2

First, I am having a hard time figuring out how clCreateBuffer() works when passed CL_MEM_ALLOC_HOST_PTR. Does it create a buffer on the device AND allocate memory for the host, or does it only allocate memory on the host and cache it on the device when it's being used?

My problem is this: If I have quite a few objects that have float* fields that total more space than is available on my device, is there a better way then telling the runtime to copy the host pointer (or use it) to the OpenCL device? Is it possible to have the runtime create the host pointer and use that for all the float* even if they total more memory than the device has? I wouldn't mind telling it to use the host pointer, but if I wanted to avoid memory copies when the runtime is on the CPU I would have to align all the memory.

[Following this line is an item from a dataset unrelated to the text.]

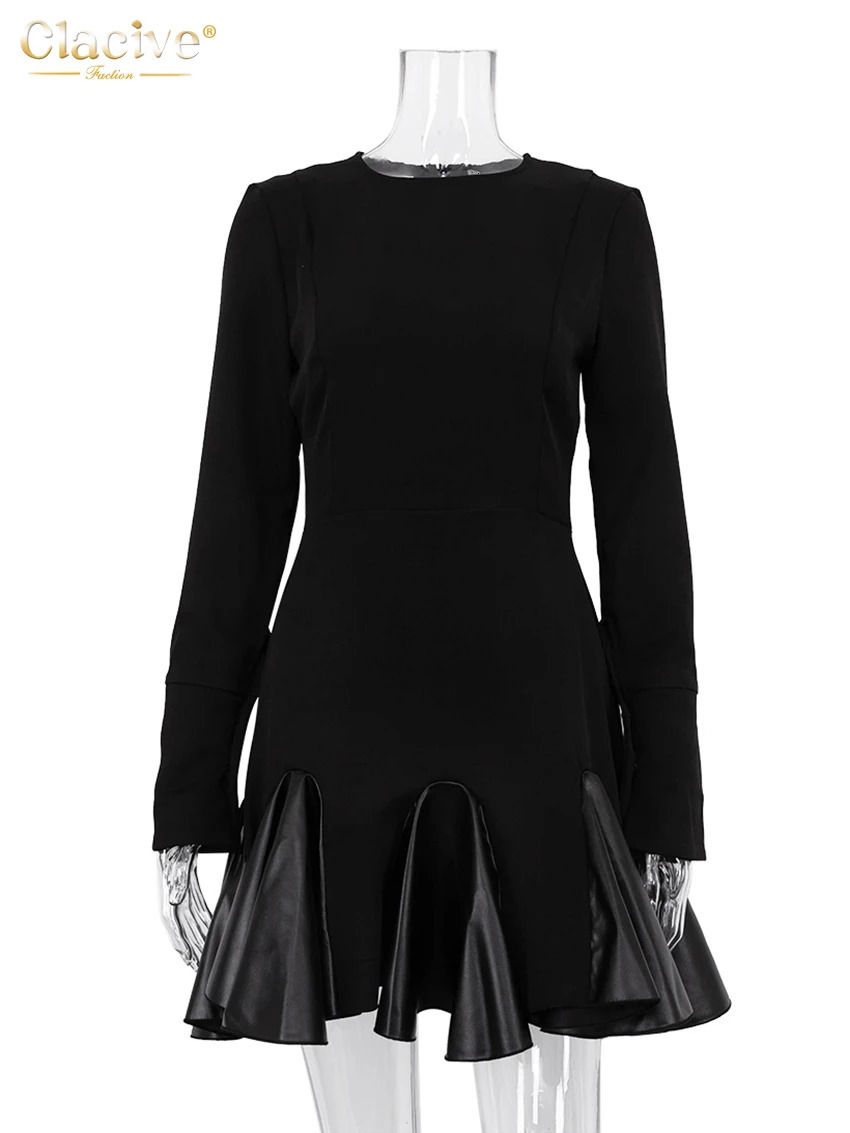 Clacive Bodycon Black Knitted Women Dress Fashion O-Neck Long Sleeve Office Mini Dresses Elegnat Patchwork Pleated Female Dress 241031
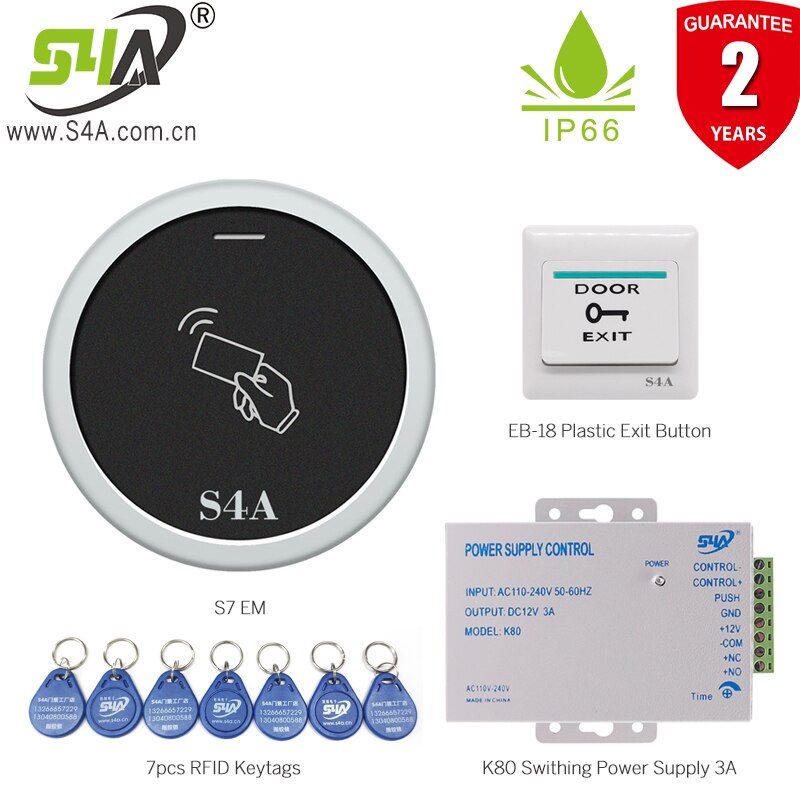 S4A Waterproof RFID Metal Access Control Outdoor Door Opener Electronic Lock System with EM4100 Keychains: B Kit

Also, any tips on good ways to deal with using more memory on the host than is available on the device to make memory transfers the most efficient and do the least copying.

Thanks.

contrapsych
  • 1,919
  • 4
  • 29
  • 44
  • I asked a similar (but more specific) question on [AMD's forums](http://devgurus.amd.com/message/1298052). Maybe you would be interested by some (partial) solutions that came up. – Simon Jun 17 '13 at 11:55

1 Answers1

3

The standard only states that:

This flag specifies that the application wants the OpenCL implementation to allocate memory from host accessible memory.

So, how it works under the hood is implementation dependent. NVIDIA states in section 3.3.1 of its OpenCL Programming Guide (V4.2) that:

objects using the CL_MEM_ALLOC_HOST_PTR flag (...) are likely to be allocated in page-locked memory by the driver for best performance.

In their own guide (here) AMD, gives in section 4.5.2 a table displaying the location of the memory objects for each flag values. The entire section 4.5 is dedicated to OCL memory objects. You might find it interesting.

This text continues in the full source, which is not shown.